[Stored items]
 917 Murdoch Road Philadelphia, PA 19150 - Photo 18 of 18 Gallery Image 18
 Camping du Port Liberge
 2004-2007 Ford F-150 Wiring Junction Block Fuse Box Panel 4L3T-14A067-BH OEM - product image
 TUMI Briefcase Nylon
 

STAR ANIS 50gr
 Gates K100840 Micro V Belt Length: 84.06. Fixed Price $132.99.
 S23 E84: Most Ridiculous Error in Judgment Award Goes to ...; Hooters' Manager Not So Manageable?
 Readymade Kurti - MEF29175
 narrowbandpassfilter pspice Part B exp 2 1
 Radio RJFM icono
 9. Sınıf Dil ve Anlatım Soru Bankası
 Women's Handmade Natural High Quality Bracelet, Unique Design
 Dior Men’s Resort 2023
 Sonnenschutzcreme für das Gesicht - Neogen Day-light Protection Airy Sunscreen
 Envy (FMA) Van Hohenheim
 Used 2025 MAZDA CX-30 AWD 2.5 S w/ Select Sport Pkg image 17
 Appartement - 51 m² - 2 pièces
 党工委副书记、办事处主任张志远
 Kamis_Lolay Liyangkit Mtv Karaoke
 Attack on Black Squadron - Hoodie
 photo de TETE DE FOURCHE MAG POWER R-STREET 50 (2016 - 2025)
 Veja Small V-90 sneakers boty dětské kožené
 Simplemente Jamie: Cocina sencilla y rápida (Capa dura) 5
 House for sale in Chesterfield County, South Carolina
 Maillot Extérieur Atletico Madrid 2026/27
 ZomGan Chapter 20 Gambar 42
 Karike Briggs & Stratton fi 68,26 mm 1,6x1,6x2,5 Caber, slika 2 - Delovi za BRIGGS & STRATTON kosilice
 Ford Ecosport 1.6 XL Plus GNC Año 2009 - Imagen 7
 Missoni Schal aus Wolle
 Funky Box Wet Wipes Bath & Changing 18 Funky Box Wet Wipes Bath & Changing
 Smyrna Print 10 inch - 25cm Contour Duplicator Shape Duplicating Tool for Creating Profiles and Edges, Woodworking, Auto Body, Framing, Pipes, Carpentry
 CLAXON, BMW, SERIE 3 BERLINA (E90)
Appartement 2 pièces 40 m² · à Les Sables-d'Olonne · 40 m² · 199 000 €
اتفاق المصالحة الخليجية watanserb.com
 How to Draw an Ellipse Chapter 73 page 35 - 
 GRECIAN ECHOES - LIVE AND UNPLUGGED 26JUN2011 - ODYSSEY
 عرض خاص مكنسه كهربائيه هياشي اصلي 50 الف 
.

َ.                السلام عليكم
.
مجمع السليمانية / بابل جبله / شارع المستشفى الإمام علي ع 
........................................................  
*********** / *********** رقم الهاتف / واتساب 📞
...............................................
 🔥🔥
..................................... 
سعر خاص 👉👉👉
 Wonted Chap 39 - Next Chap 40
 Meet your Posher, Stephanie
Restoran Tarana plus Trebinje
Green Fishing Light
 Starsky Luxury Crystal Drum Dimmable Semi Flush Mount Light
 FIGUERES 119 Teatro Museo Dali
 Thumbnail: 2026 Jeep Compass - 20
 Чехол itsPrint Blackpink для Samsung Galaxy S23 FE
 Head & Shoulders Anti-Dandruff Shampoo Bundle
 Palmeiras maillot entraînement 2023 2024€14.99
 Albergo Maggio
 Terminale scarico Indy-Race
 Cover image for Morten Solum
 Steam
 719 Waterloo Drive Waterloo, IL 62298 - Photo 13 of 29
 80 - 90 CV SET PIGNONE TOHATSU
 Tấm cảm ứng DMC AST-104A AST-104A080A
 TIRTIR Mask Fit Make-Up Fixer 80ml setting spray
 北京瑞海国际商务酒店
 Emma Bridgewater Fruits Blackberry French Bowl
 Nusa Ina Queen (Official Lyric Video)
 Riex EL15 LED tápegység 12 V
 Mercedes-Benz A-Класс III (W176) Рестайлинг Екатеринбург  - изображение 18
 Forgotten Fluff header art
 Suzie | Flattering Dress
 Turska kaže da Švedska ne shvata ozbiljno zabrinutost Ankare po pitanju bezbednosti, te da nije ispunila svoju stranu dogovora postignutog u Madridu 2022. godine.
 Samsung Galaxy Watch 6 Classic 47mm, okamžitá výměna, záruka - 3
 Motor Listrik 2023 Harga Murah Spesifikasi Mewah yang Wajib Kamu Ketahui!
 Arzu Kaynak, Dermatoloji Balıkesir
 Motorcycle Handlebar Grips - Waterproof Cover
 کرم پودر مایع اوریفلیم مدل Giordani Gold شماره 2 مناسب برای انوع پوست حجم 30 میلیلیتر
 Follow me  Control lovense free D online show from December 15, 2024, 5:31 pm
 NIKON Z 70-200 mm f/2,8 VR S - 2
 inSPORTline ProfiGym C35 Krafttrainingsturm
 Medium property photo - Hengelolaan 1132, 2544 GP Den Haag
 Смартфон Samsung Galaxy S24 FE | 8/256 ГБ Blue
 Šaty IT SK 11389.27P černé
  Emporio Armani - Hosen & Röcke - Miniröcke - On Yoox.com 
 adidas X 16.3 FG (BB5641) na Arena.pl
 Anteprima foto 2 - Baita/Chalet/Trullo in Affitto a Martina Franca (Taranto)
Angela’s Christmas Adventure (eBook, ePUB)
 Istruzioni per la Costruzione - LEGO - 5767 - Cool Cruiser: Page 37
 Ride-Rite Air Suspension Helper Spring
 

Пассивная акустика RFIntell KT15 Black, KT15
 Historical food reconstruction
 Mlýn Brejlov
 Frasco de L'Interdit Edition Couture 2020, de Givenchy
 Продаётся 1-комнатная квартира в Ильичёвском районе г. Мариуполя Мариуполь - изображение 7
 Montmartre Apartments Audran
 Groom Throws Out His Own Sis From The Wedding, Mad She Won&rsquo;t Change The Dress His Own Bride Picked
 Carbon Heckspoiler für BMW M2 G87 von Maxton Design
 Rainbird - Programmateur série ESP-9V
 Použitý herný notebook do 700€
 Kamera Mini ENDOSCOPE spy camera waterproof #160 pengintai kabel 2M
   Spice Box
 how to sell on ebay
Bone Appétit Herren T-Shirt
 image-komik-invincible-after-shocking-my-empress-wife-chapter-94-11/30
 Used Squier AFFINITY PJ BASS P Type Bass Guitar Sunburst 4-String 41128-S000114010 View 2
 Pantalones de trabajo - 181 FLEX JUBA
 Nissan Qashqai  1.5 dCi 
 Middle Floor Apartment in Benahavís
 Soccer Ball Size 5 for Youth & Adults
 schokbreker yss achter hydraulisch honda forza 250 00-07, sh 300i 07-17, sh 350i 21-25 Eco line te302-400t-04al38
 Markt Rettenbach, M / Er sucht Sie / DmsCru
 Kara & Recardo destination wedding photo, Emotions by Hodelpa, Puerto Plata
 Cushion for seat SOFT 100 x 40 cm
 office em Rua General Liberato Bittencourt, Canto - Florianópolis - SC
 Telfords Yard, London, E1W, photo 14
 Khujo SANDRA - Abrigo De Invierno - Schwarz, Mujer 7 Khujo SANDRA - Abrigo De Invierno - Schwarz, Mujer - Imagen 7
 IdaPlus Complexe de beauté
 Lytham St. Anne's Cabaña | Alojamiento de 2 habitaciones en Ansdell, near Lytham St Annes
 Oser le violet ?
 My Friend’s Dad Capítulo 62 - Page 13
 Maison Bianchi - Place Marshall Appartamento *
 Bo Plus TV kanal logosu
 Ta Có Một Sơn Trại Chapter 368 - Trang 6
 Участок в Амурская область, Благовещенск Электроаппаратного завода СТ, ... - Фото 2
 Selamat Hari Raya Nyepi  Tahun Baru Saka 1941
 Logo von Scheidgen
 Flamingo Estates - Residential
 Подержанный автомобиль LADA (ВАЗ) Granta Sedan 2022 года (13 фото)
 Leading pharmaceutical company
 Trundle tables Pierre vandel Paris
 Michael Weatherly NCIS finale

* PROBLEM STATEMENT *
Once you find the line with "Medium property photo" above, print it and every line after it up to and including the line with "Ride-Rite Air Suspension Helper Spring", exactly as written and nothing else.

* TASK RESPONSE *
 Medium property photo - Hengelolaan 1132, 2544 GP Den Haag
 Смартфон Samsung Galaxy S24 FE | 8/256 ГБ Blue
 Šaty IT SK 11389.27P černé
  Emporio Armani - Hosen & Röcke - Miniröcke - On Yoox.com 
 adidas X 16.3 FG (BB5641) na Arena.pl
 Anteprima foto 2 - Baita/Chalet/Trullo in Affitto a Martina Franca (Taranto)
Angela’s Christmas Adventure (eBook, ePUB)
 Istruzioni per la Costruzione - LEGO - 5767 - Cool Cruiser: Page 37
 Ride-Rite Air Suspension Helper Spring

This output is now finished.